SOURCE DATA |
-- Opening Marker --

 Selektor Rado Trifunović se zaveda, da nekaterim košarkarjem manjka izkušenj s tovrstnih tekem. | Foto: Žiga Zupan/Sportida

-- Closing Marker --
-- Opening Marker --

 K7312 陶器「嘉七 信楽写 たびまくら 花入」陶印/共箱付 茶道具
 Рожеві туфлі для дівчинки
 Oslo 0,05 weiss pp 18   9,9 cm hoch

-- Closing Marker --

WHAT TO WORK ON | Repeat the entries above verbatim, but only from the line that has "Рожеві туфлі для дівчинки" down to the line that has "Oslo 0,05 weiss", inclusive.

TASK RESULT |
 Рожеві туфлі для дівчинки
 Oslo 0,05 weiss pp 18   9,9 cm hoch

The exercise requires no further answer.